Stanislav’s hands are thick with scars and callouses to the point that he can reach into his ovens and grab hot kettles without gloves or other protection. “Peac” is tattooed across the knuckles of his right hand, and “Qiet” is tattooed across the left. He tolerates neither ruckus nor fracas in the Goat & Raven, and he is more than happy to let his fists enforce this rule (2 attacks per round, 1d4+1 damage each). It has become something of an informal rite of passage among the young men of Wyrdwood to get beaten up by Stanislav Arn.

Stanislav was married to Luscilla Gull, a human woman and member of his old adventuring party. She died of an unknown illness five years after she and Stanislav retired to Wyrdwood. Village rumor says that Stanislav buried her with a fortune in jewelry and treasure. Luscilla’s grave lies in the cemetery behind the Gray Chapel. Stanislav interred her coffin beneath an elaborately decorated burial vault. Hand-crafted and tear-stained by a grieving dwarf, the vault is indestructible my mortal means. It requires a combined Strength of 50 to lift the vault off the coffin. Luscilla’s body is bedecked with 3000gp worth of gold and jewels. Should someone rob his dead wife’s grave, Stanislav will make it his life’s work to kill the thief.

Sunday, March 29, 2020

Lord Wyrd's Library


Lord Wyrd’s library is massive and sprawling. It is also messy and disorganized with no categorization system that anyone can determine. His family’s collection of ancient tomes and treatises is unmatched outside of academic circles. The library contains information on a wide variety of subjects, but most of the collection deals with the Wyrdwood and its environs, inhabitants, and history. There are no magical tomes or spellbooks to be found here.

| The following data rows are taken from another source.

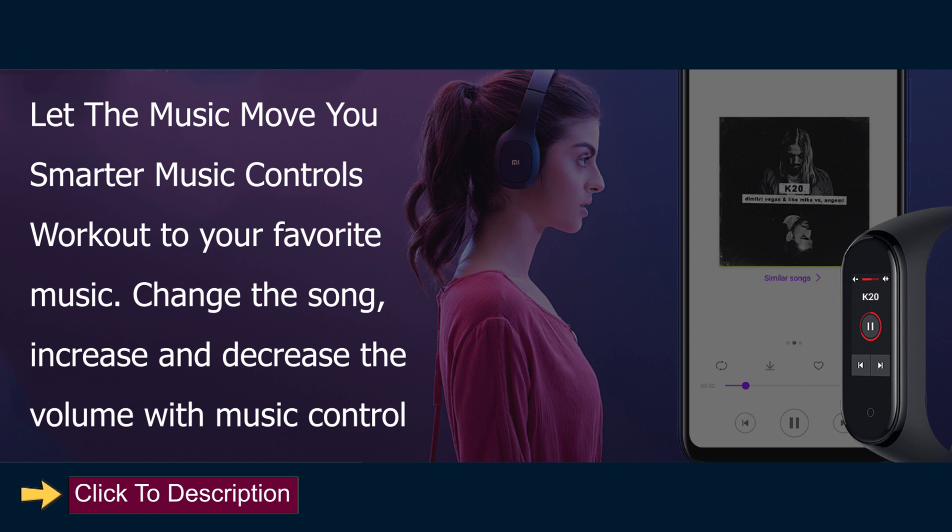Let the Music Move You. Smarter music controls — workout to your favorite music, change the song, and increase or decrease the volume with music control.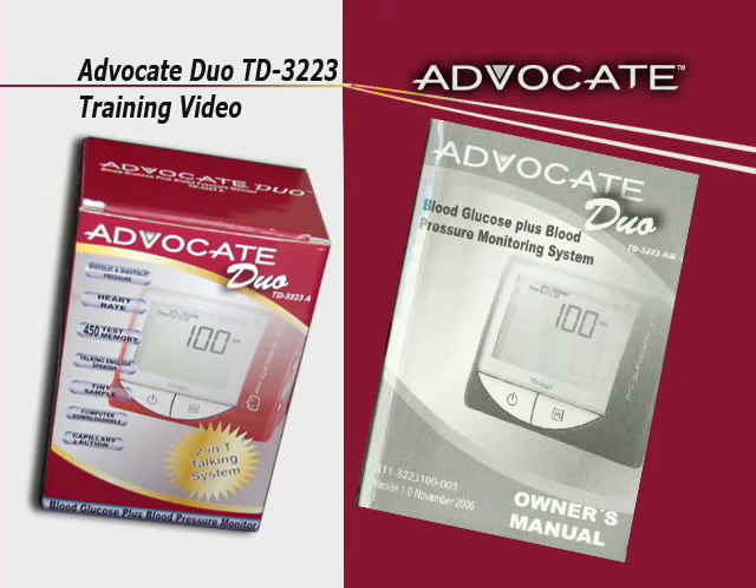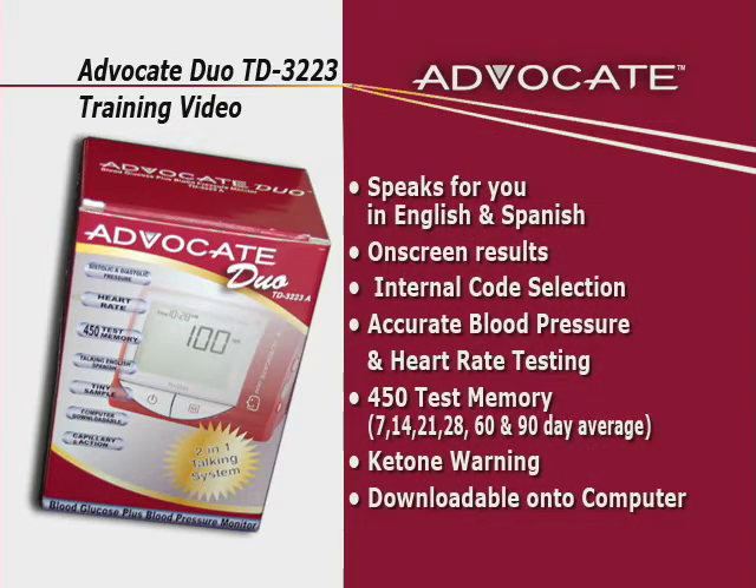Blood glucose and pressure monitoring plays an important role in diabetes control. Approximately 70 percent of diabetics also suffer from hypertension. The results you get with the Advocate Duo TD-3223 system can help you and your health care professional monitor and adjust your treatment plan to gain better control of your diabetes.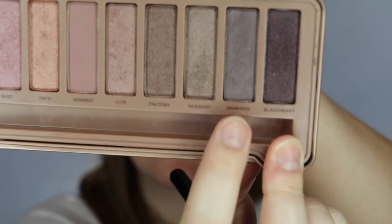Next I'm going in with Lyre. I'm going to put it all over my lid beneath the crease. I'm just patting it on the flat shader brush, making it even, and dusting off the fallout. Next I'm taking a crease brush and I'm going in with Dark Side. I'm going to deepen up the outer portion of the crease.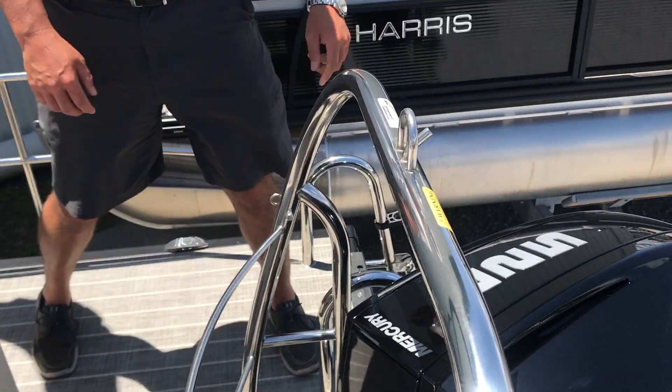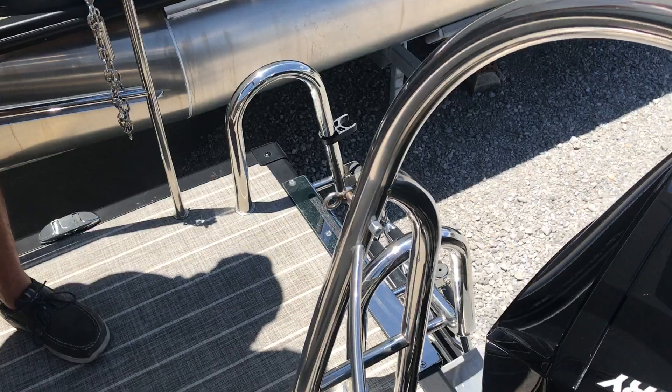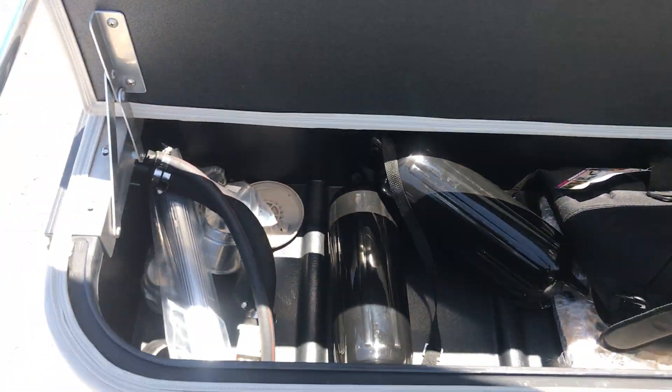Stainless steel ski tow bar with a stainless steel ladder. With a single lounger layout, you have plenty of storage in the back.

Lord Wyrd deeply values his ancestral library and does not allow just anyone access to it. PCs will either need to sneak in or gain the trust and confidence of Lord Wyrd or his daughter.

Research Rolls
If you have access to Lord Wyrd’s library, ask a single question about the Wyrdwood and spend 1d8+8 hours in research. Roll 2d6+INT.
  • 6 or less: Your search is fruitless. Your time is wasted and you lose any accumulated +1s to your research roll. But the GM will tell you some unrelated but interesting (if not necessarily important or useful) rumor, bit of trivia, or lore that you stumbled across in your research.
  • 7-9: You haven’t found the answer yet, but you’re on the right track. Take +1 to the next research roll you make regarding your question.
  • 10: You have found the answer to your question. Your GM will give it to you as a single statement. Any follow-up questions you make can be researched with a +1 to the roll.

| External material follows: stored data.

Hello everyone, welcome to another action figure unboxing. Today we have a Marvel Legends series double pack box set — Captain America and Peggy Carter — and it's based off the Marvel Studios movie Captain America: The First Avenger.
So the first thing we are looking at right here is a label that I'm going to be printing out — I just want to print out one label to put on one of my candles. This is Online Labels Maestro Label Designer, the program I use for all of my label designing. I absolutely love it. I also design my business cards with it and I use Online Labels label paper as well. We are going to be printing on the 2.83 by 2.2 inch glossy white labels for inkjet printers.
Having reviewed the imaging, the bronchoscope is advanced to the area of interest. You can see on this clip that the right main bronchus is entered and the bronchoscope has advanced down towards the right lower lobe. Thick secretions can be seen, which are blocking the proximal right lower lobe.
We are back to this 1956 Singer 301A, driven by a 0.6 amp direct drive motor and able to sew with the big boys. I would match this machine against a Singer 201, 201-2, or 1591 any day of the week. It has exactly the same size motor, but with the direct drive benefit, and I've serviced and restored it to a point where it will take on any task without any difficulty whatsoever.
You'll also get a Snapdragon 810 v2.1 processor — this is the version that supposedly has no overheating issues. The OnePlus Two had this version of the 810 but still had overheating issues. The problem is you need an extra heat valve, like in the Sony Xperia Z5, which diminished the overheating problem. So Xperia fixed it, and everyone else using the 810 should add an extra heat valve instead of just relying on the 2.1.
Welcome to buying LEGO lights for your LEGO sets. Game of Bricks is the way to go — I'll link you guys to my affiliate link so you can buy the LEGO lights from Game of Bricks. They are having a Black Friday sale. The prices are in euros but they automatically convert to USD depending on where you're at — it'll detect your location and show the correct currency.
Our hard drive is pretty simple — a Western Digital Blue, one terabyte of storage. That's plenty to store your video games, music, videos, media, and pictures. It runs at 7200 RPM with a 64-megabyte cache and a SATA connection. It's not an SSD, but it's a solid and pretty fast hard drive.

If you want to help someone in their research, spend the same amount of time with them, and roll 2d6+INT
  • 6 or less: You are a distraction and a font of bad information. Your friend takes -1 to their research roll.
  • 7-9: You neither help nor hinder your friend, but you get a +1 to your next assistance roll.
  • 10+: You find some helpful information or leads. Give +1 to your friend’s research roll.


Thursday, March 26, 2020

Wyrdwood Village

I've got a new campaign idea in my head, because clearly I don't have enough projects to keep me busy. I'm not sure what I'm going to do with it right yet. Once the plague leaves our far lands, I'm probably going to propose it as the next campaign for my home group. Or, if I ever get room for another online game I might run it as like a virtual open-table.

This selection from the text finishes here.